[Exercise material — start]

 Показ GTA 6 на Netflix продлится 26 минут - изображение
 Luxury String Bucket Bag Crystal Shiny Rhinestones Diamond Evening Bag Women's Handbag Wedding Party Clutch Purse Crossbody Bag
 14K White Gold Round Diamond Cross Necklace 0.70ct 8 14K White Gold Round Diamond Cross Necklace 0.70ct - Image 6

[Exercise material — finish]
[Exercise material — start]

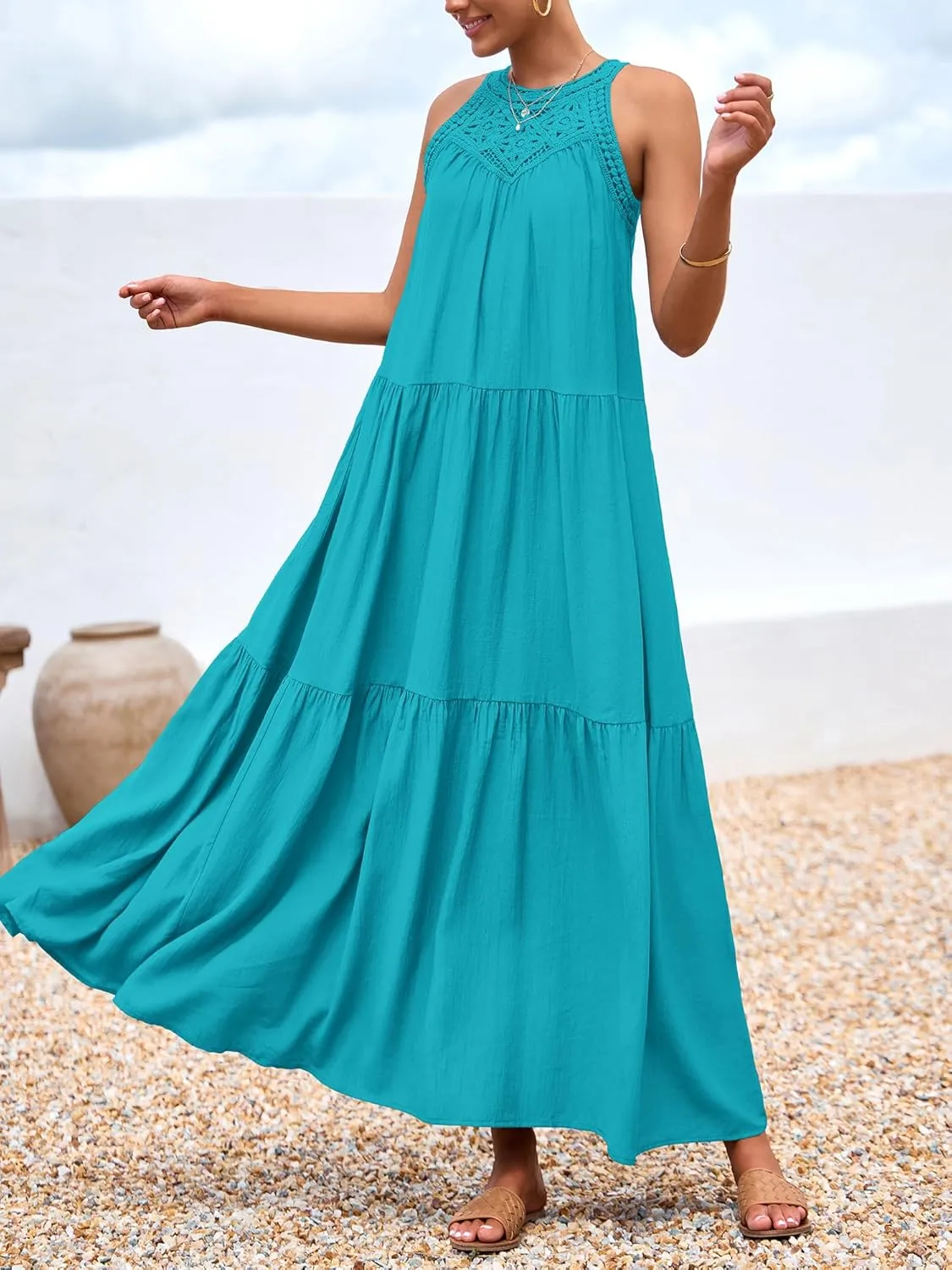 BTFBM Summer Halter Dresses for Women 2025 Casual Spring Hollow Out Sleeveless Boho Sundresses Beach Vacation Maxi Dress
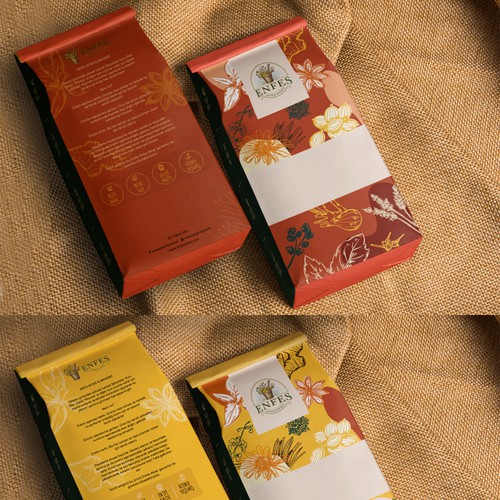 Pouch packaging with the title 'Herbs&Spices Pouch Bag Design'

[Exercise material — finish]
[Exercise material — start]

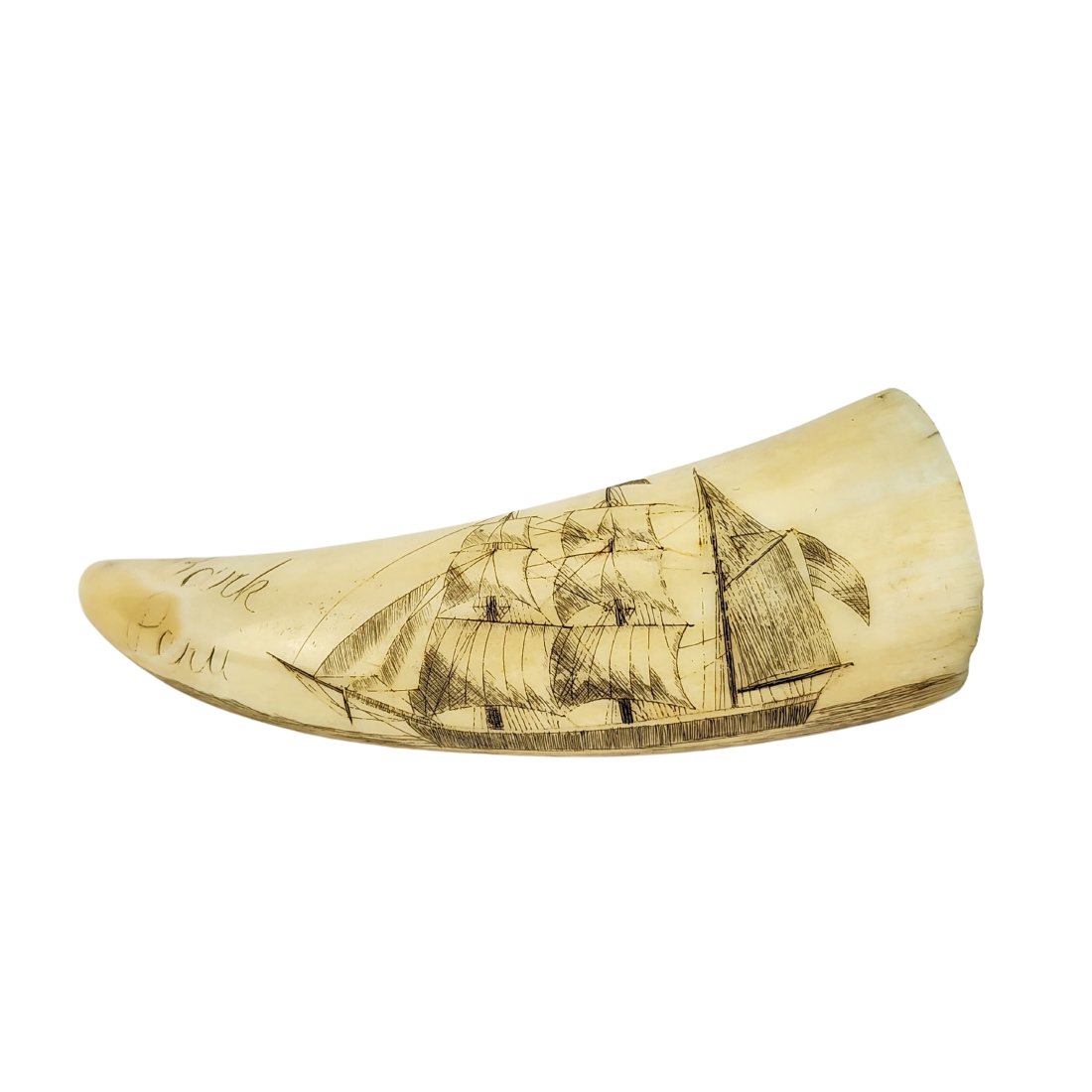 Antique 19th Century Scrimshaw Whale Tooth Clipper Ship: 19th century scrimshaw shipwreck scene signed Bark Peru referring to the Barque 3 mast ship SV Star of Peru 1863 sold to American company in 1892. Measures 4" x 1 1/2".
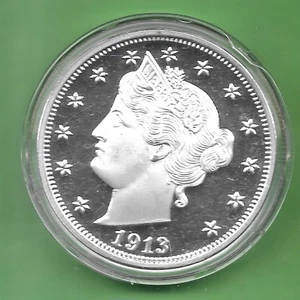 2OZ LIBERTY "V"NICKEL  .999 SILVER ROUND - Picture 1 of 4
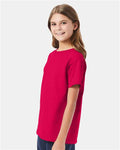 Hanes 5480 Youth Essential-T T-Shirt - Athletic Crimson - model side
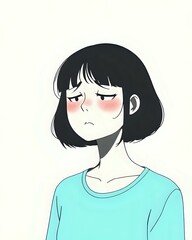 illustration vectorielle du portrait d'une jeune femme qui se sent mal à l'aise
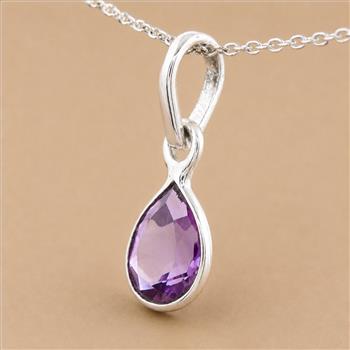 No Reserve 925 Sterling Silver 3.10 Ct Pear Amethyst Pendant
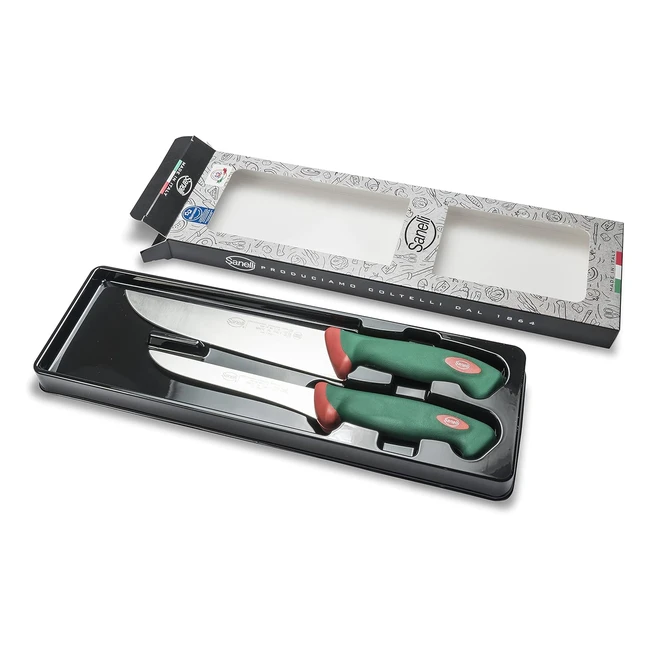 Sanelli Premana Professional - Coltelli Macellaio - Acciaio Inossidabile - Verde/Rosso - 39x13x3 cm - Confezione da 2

[Exercise material — finish]

# Activity:
Everything between and including the line above containing "illustration vectorielle du" and the line containing "Sanelli Premana Professional" should be reproduced exactly, with pictures excluded.

# Task result:
 illustration vectorielle du portrait d'une jeune femme qui se sent mal à l'aise
 No Reserve 925 Sterling Silver 3.10 Ct Pear Amethyst Pendant
 Sanelli Premana Professional - Coltelli Macellaio - Acciaio Inossidabile - Verde/Rosso - 39x13x3 cm - Confezione da 2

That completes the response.